The cushioning works because each compressed cell acts like a tiny air spring. When the foam is hit or squeezed, the air inside the cells compresses and absorbs the force, then gradually pushes back to its original shape. Closed-cell PE foam is particularly good at this because the sealed cells trap the air rather than letting it escape.
Chemical and Water Resistance
Polyethylene is a nonpolar material, which gives it exceptionally high resistance to a wide range of chemicals. It’s unaffected by water-based solutions of salts, acids, and alkalis. At room temperature, it resists substances like acetic acid (vinegar’s active ingredient), isopropyl alcohol, and many common solvents. This resistance holds up to about 60°C (140°F) for most solvents.
Closed-cell PE foam also absorbs very little water. Its sealed cell structure keeps moisture from penetrating the material, which prevents the growth of mold, mildew, and bacteria over time. This is a meaningful advantage over open-cell foams or natural materials like cotton batting, which can become waterlogged and degrade in damp environments.
Common Uses
Polyethylene foam shows up in more places than most people realize:
- Packaging: Custom-cut inserts for electronics, furniture padding, and the thin foam sheets wrapped around glass and screens during shipping.
- Construction: Expansion joint filler, pipe insulation, underlayment beneath laminate or hardwood flooring, and weatherstripping for doors and windows. Closed-cell versions work as vapor barriers and gaskets for climate-controlled spaces.
- Sports and recreation: Yoga mats, camping pads, flotation devices, and the padding inside helmets and shin guards.
- Healthcare: Wheelchair pads, orthotic inserts, bed rail padding, fall prevention mats, and medical device cushioning. Healthcare applications often layer closed-cell and open-cell PE foam together to balance firmness with comfort.
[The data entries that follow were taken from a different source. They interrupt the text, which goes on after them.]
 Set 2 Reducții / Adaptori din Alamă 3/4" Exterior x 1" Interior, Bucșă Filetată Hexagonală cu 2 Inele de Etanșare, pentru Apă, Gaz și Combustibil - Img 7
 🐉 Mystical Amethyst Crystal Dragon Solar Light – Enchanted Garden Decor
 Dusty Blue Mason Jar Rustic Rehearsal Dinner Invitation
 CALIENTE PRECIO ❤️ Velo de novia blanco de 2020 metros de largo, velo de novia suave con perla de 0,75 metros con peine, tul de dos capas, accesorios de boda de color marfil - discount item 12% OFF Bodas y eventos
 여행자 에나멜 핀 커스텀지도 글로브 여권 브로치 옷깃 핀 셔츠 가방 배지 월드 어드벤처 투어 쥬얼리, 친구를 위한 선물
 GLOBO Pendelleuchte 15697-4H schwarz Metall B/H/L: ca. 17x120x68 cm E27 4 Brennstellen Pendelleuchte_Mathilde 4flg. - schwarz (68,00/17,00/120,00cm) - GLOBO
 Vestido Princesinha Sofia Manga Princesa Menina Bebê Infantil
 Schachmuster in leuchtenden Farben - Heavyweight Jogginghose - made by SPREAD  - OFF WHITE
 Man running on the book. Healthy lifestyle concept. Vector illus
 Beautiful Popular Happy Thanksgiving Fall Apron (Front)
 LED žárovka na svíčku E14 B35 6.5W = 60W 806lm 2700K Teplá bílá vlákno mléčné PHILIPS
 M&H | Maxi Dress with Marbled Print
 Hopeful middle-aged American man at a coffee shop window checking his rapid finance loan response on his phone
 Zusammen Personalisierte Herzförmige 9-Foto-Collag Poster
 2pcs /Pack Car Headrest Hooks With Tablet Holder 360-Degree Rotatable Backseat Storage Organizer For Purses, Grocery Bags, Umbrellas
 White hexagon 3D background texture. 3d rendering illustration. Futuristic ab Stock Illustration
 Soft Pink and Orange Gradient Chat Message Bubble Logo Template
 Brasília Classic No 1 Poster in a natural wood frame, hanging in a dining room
The material’s resistance to bacteria and mold makes it well-suited for environments where hygiene matters.
- Automotive: Interior trim padding, headliner backing, and vibration dampening between body panels.
Safety and Off-Gassing
Polyethylene foam itself is considered one of the safer plastic foams. It doesn’t contain the chemical blowing agents and isocyanates associated with polyurethane foam production, where workers face documented exposure to volatile organic compounds like toluene diisocyanate and dichloromethane. Those specific chemicals, linked to respiratory and neurological symptoms in manufacturing settings, are not part of the polyethylene foam production process.
Solid polyethylene is widely used in food packaging and water pipes, and the foam version shares that same base chemistry. New PE foam can have a faint plastic smell when first unwrapped, but it doesn’t produce the sustained off-gassing that concerns people about memory foam mattresses or spray-foam insulation. For applications involving direct skin contact or food proximity, manufacturers produce “food-grade” or “medical-grade” versions that meet stricter purity standards.
Limitations Worth Knowing
Polyethylene foam isn’t ideal for every situation. It breaks down under prolonged UV exposure, so outdoor applications need a UV-stabilized version or a protective covering. Its thermal resistance tops out around 80°C (176°F) for standard grades before the foam begins to soften and lose its structure. Cross-linked versions handle heat better, but PE foam is still not suitable for high-temperature insulation.
Recyclability is a real limitation. Standard PE foam can technically be melted and reprocessed, but collection infrastructure for foam recycling is limited in most areas, and the material’s low density makes it expensive to transport relative to its weight. Cross-linked PE foam can’t be remelted at all due to its permanent molecular bonds, so it typically ends up in landfills. The material is not biodegradable, which means environmental persistence is a legitimate concern for high-volume applications like single-use packaging.